**COLLECTED DATA**
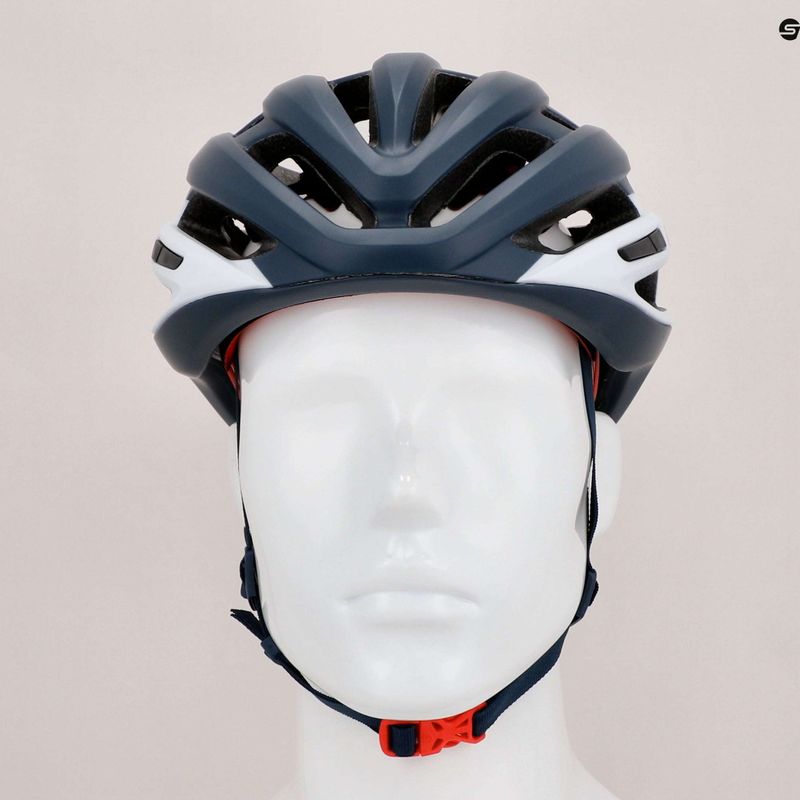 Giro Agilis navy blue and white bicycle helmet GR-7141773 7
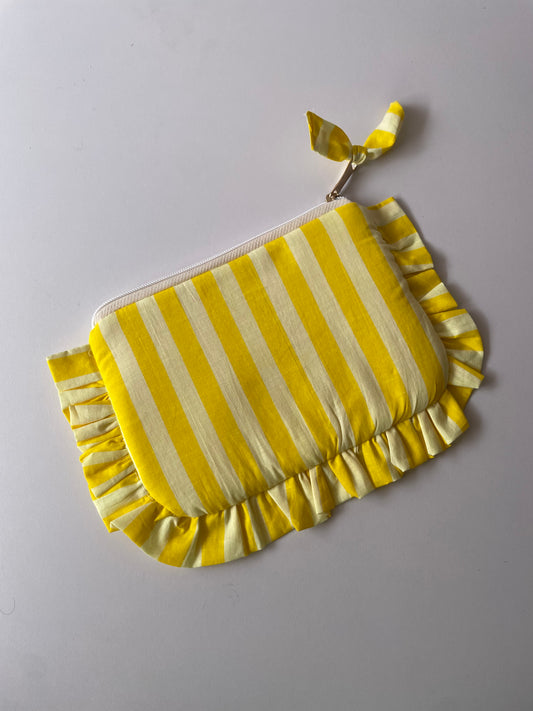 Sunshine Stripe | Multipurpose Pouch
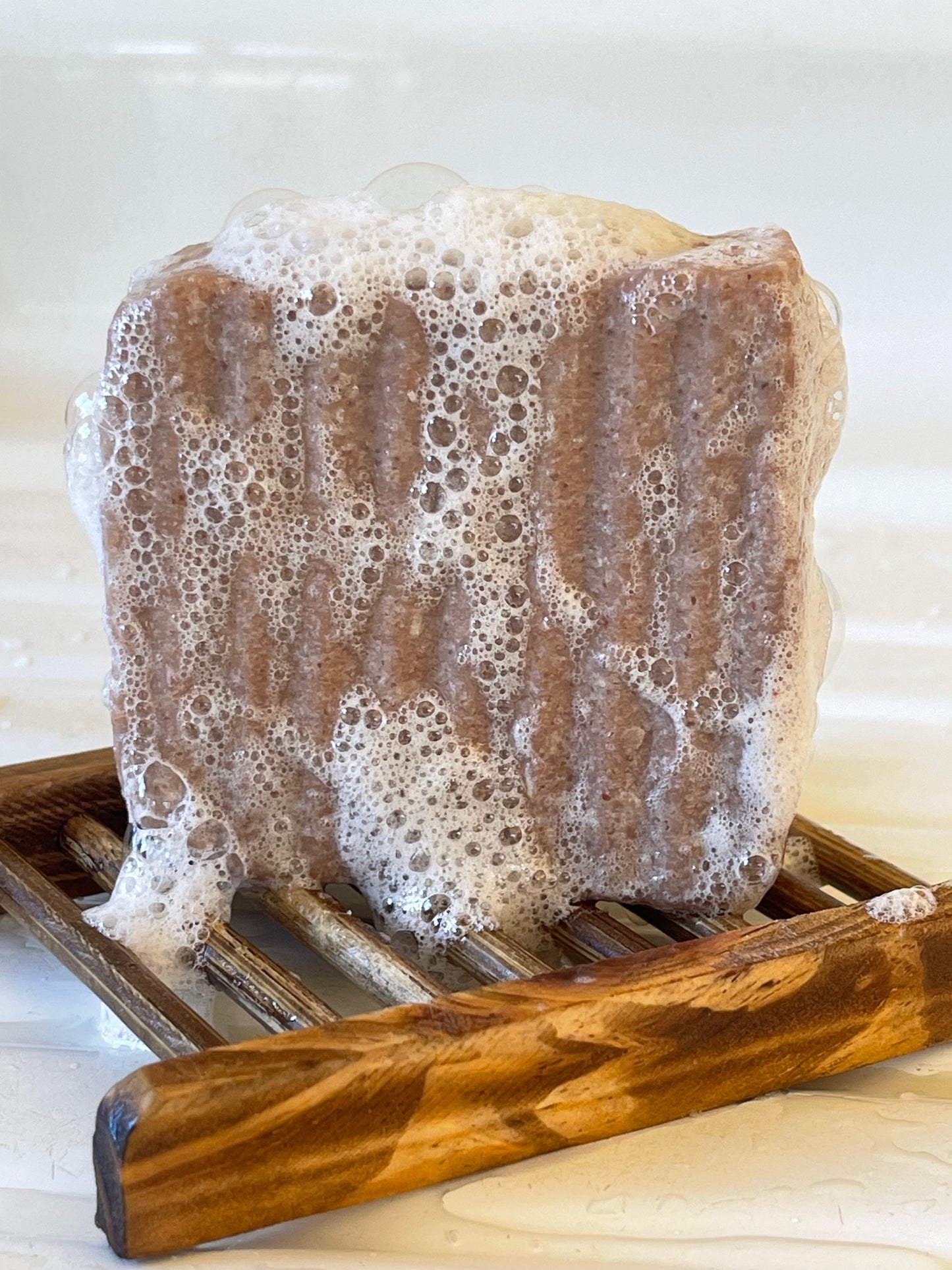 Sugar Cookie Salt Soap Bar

**ABOUT THIS TASK**
Print exactly the line containing "Sunshine Stripe | Multipurpose Pouch" and every line after it through the final line above, and leave all pictures out.

**RESPONSE TO THE EXERCISE**
 Sunshine Stripe | Multipurpose Pouch
 Sugar Cookie Salt Soap Bar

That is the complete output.